As we speak, she is in full preparation for her forthcoming debut solo exhibition, Ruthless: a Decade of Live Music Photography. The collection highlights not only her range of subjects (from big hitters Beyoncé, Grace Jones, Leonard Cohen, Shirley Manson to an abundance of Irish acts) but also her vivid, bold style. Graham Keogh, her former Picture Editor at Hot Press, reckons that what sets her apart from other photographers is her "wonderful eye for composition and a great way with subjects. Ruth is warm and engaging, but knows when to push so she gets the shot she has in her head."
It is such plainspoken self-assurance ("I hear whispers in the wind about how I'm bossy and a bit of a weapon, but that's just me getting stuff done. I always get the job done . . .") that brought her to the attention of Arcade Fire, with whom she recently worked on several of their European and UK shows.
Initially thinking an out-of-the-blue email was a wind-up, she eventually replied (“so sorry for the delay!”) and was informed that the band were looking for a “local photographer to shoot their 3Arena show, and would there be any chance that I’d come backstage and do that?”
Ruth did the gig, expecting no more than one night’s work. “I got an email the next day – ‘we love your shots, do you want to come over to London?’ So I did the same over three nights in Wembley; they also liked the shots for that and asked me to come to Europe with them for about four shows.”
The experience of working with such a high profile (and exacting) band will surely be life changing – already, Ruth is lining up those fluffy little ducks into a row. She allows that other major music acts have already been in touch with her, but can’t yet divulge the names. What is known is that she has been officially named as one of a team of seven photographers for BBC’s coverage of next year’s Glastonbury Festival. It is, for certain, a long way from the child taking snaps of light switches and toilet bowls.
Life is like photography? Perhaps it’s the other way around. “It was difficult,” says Ruth of her sink or swim time with Arcade Fire, “but it wasn’t anything I couldn’t do – I just had to learn how to do it.”

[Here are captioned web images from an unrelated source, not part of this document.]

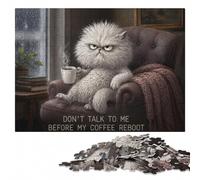 Don't Talk To Me Before My Coffee Reboot - Ca Jigsaw Puzzle, 1000 Pieces | Jigsaw Puzzle: New Year gift for puzzle lovers, quiet evening activity.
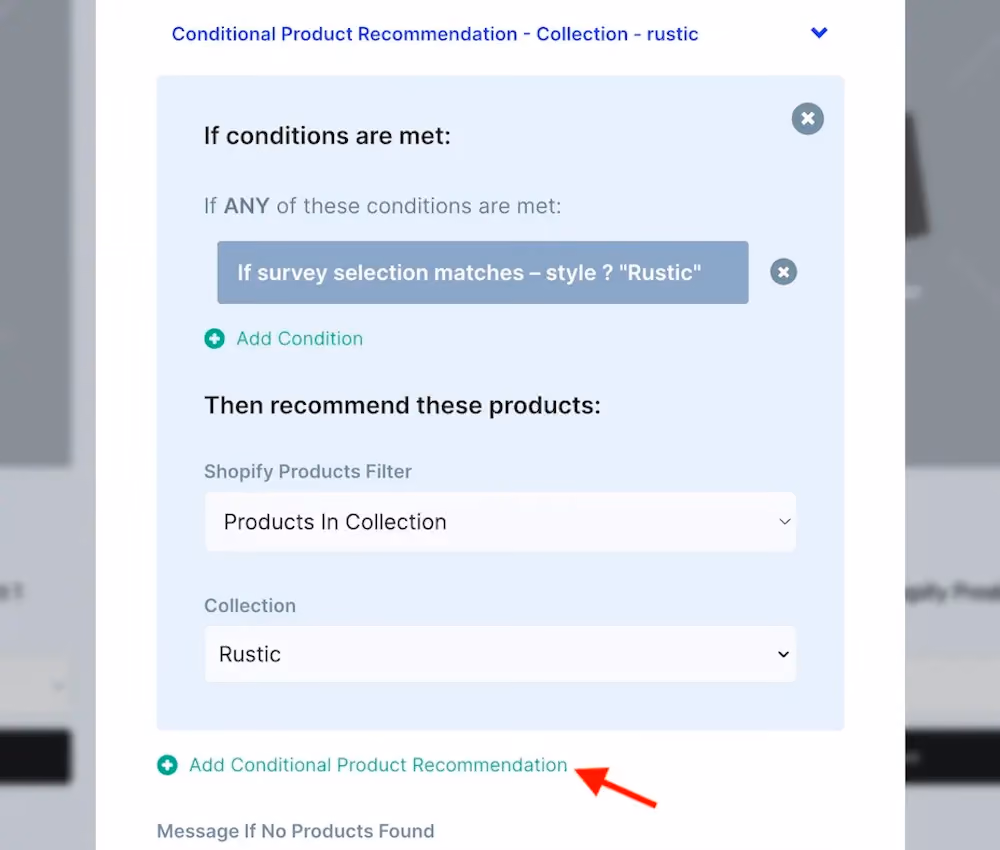Conditional product recommendations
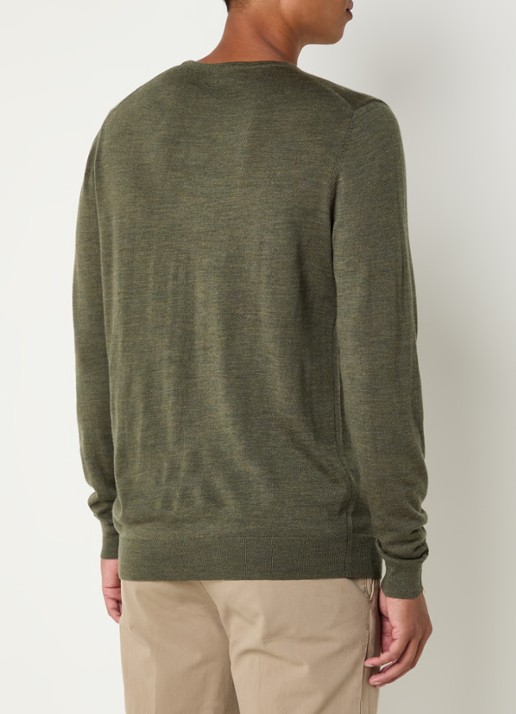 Profuomo Fijngebreide pullover van merino wol - achterkant 4 legergroen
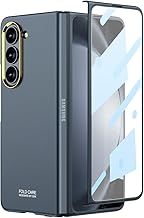 Case Compatible with Samsung Galaxy Z Fold 5 Case, Z Fold 5 Tempered Glass Screen Protector Case, Hard PC Slim Shockproof Frosted Shell Anti-Fingerprint Protective Cover for Z Fold 5-Green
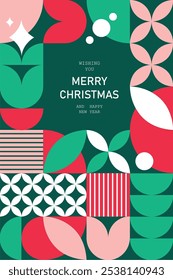 Minimalist Christmas poster with mosaic elements in geometric style, perfect as a modern holiday greeting card. Vector illustration.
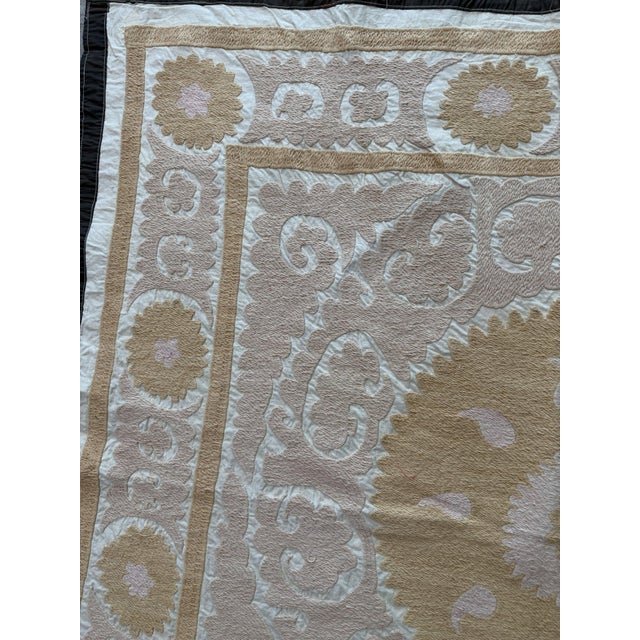 1960s Vintage Embroidered Asian Suzani Wall Decor 4' X 4'5'' For Sale - Image 5 of 6
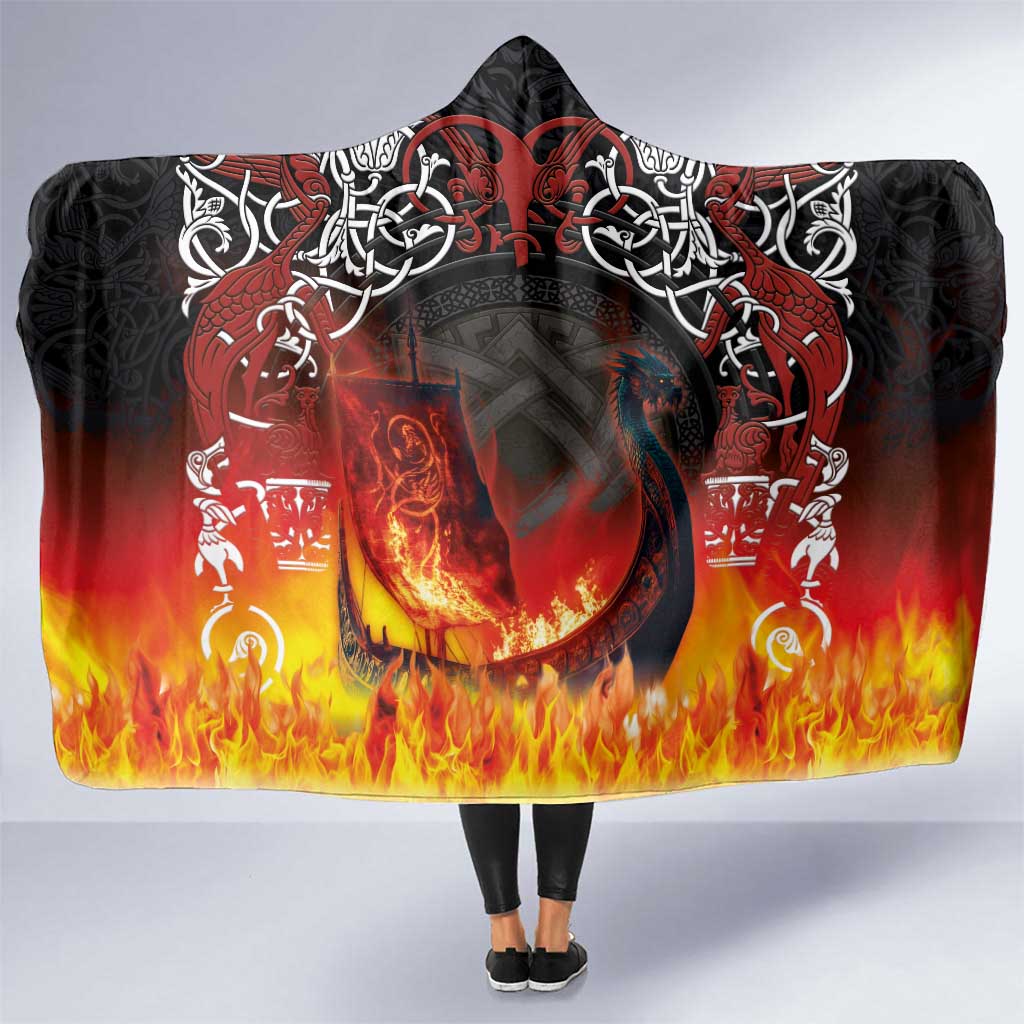 Scotland Up Helly Aa Hooded Blanket Drakkar Viking Longship Burning The Return of The Light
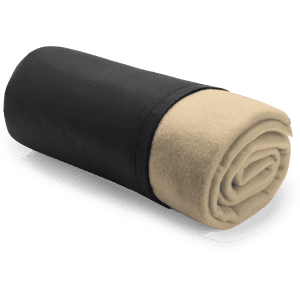 A rolled blanket featuring a black outer layer and a beige inner layer, designed for home and living use.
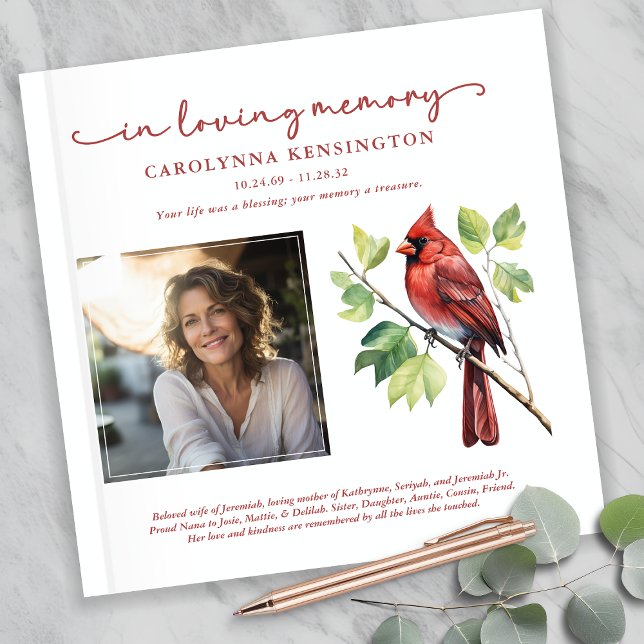 Cardinal Loving Memory Funeral Memorial Square Guest Book (Cardinal Loving Memory Funeral Memorial Square Photo Guest Book)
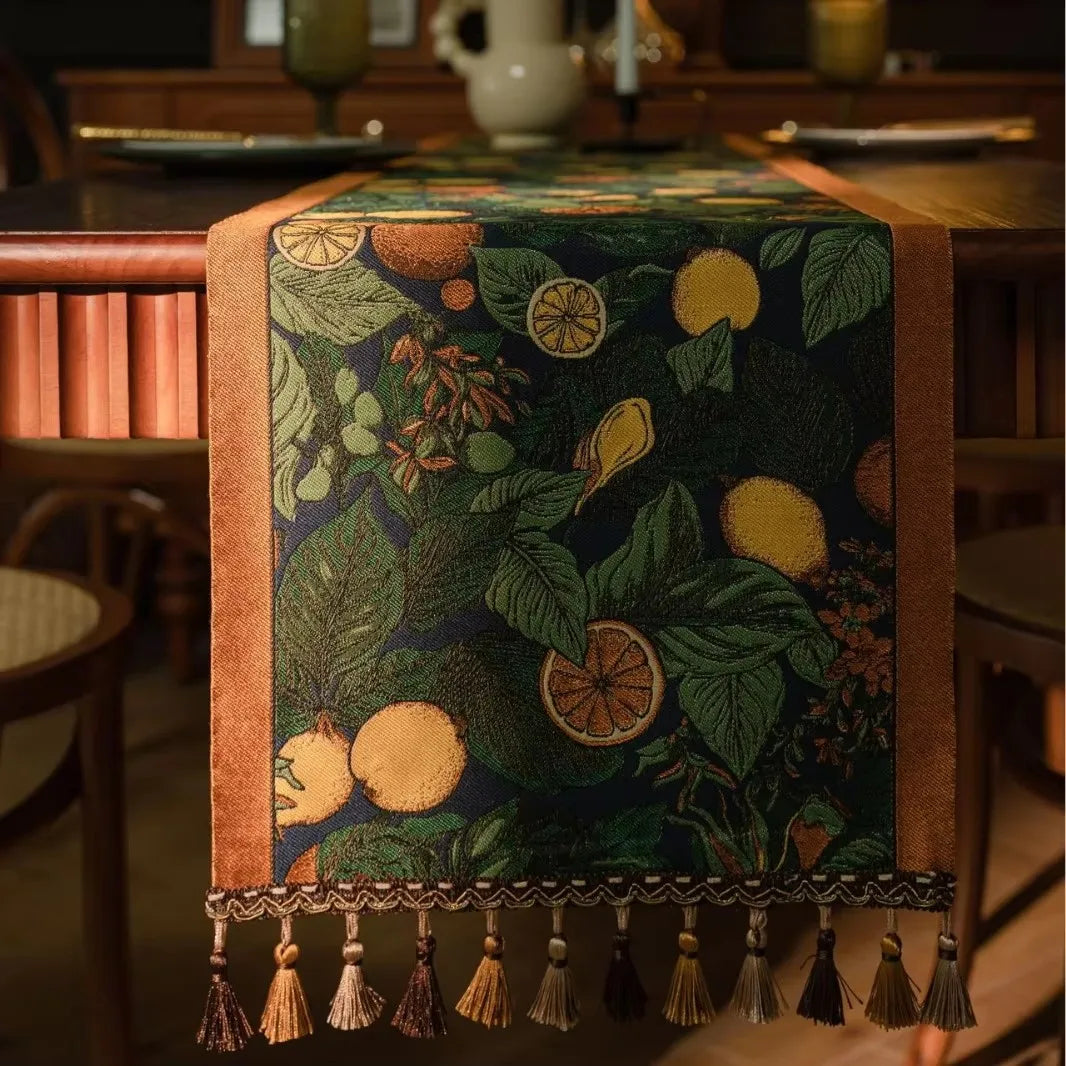 Floral Plant Table Runner with Tassels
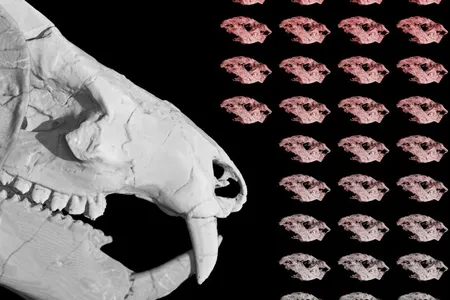 A figure representing the Kayentatherium babies found with an adult specimen. They are the only known fossils of babies from an extinct mammal relative that lived during the Early Jurassic. 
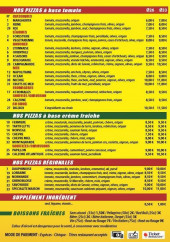 Menu Chez Francesco - Pizzas et boissons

THE ACCESS ALL AREAS PASS – AND HOW TO GET IT
“When you establish a relationship with a band, a promoter or a booker, or when you get your skills up to a level to where you become good at what you do – and if you’re not an a***hole about things – that’s when it’s possible. You can have the €10,000 camera and the skills to use it, but you might not have the personality and/or the professionalism to be able to deal with a band, to know that when they grant you triple-A access” – access all areas – “that you don’t piss them off, or photograph them when they shouldn’t be photographed - or maybe when they just don’t want to be photographed. And you don’t publish the photographs they don’t look good in. When a band gives me triple-A access, they know it’s someone who will take loads of pictures and make them look deadly. I have so many terabytes of pictures of bands that will never be seen because to do so would be unfair. Ultimately, it boils down to trust.”
Ruthless: A Decade of Live Music Photography is at Fumbally Exchange, Dame Lane, Dublin, November 23rd- December 2nd. Sales from her Arcade Fire images will be donated to those living in Direct Provision in Ireland.